There are two types of encryption currently in use - WEP and WPA.  WPA is the newer one, which some older routers cannot handle.

WEP can be hacked by the average 14 year old geek in less than 10 minutes.

There's even videos to show them how to do it.

Don't use WEP encryption - you might as well have no security at all.

If your modem/router can't do WPA encryption, you may be able to get a firmware update for it.

If you have an unsecured wireless connection, and someone uses it for illegal purposes, then it's you that will be held responsible.


Are you sure, Nick? (silly question?) Can you point us towards the videos?

I cannot remember the details now but I thought that 128bit WEP was the best security setting, or was it the best without becoming too complicated?
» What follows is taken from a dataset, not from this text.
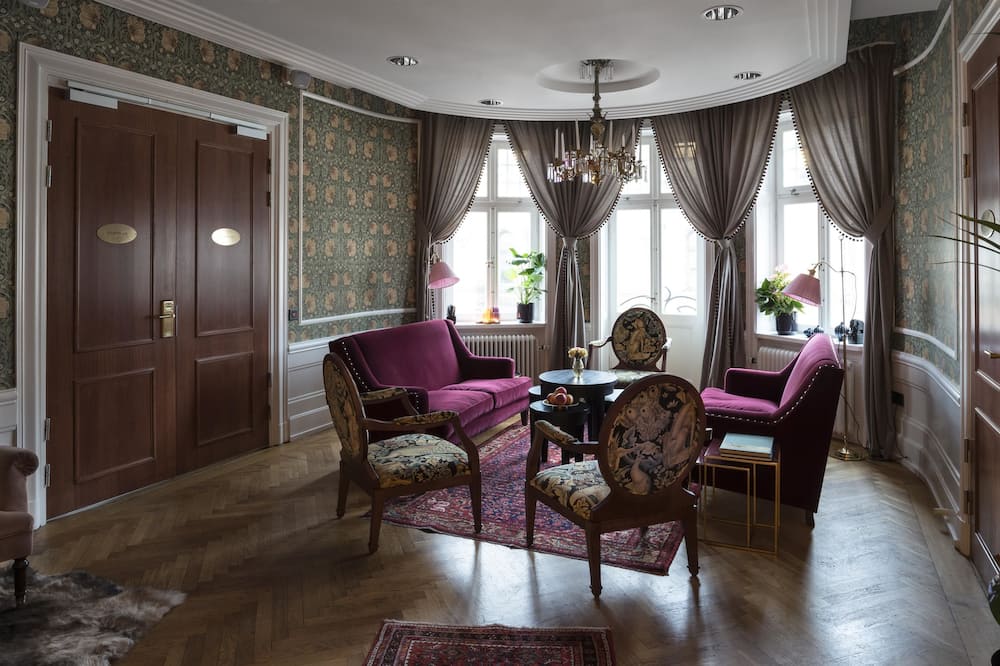 ホテル クン カール ワールドホテルズ クラフテド 写真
That was last August, when I went over to wireless.

I'd rather not, because encouraging WEP hacking is sailing too close to the forum rules, but I think that a quick Google would find all you need to know  :)

Of course, this is all correct but, for the vast majority of us there is little to be concerned about.

Like everything else it all depends on the risk of somebody trying to break in. If the risk where you live is high then of course you need the highest level of security - but if the risk is low then extra security doesn't have to be number one on the to do list.

Graham

I'm confused - how can you tell what risk there is, unless you live surrounded by a Faraday cage ?  If you have a road outside your house, then someone can stand or park outside with a laptop and log in, wherever you happen to be.  I'm in a very rural area, and I can see 5 other wireless networks.  Wi-fi signals can travel over a mile if there's not too many buildings in the way. 

I live in a fairly low crime area, but I still lock my doors and windows when I go out.  I would be very stupid not to. 


RIP 1949-10th January 2013

Best Wishes,  Nick.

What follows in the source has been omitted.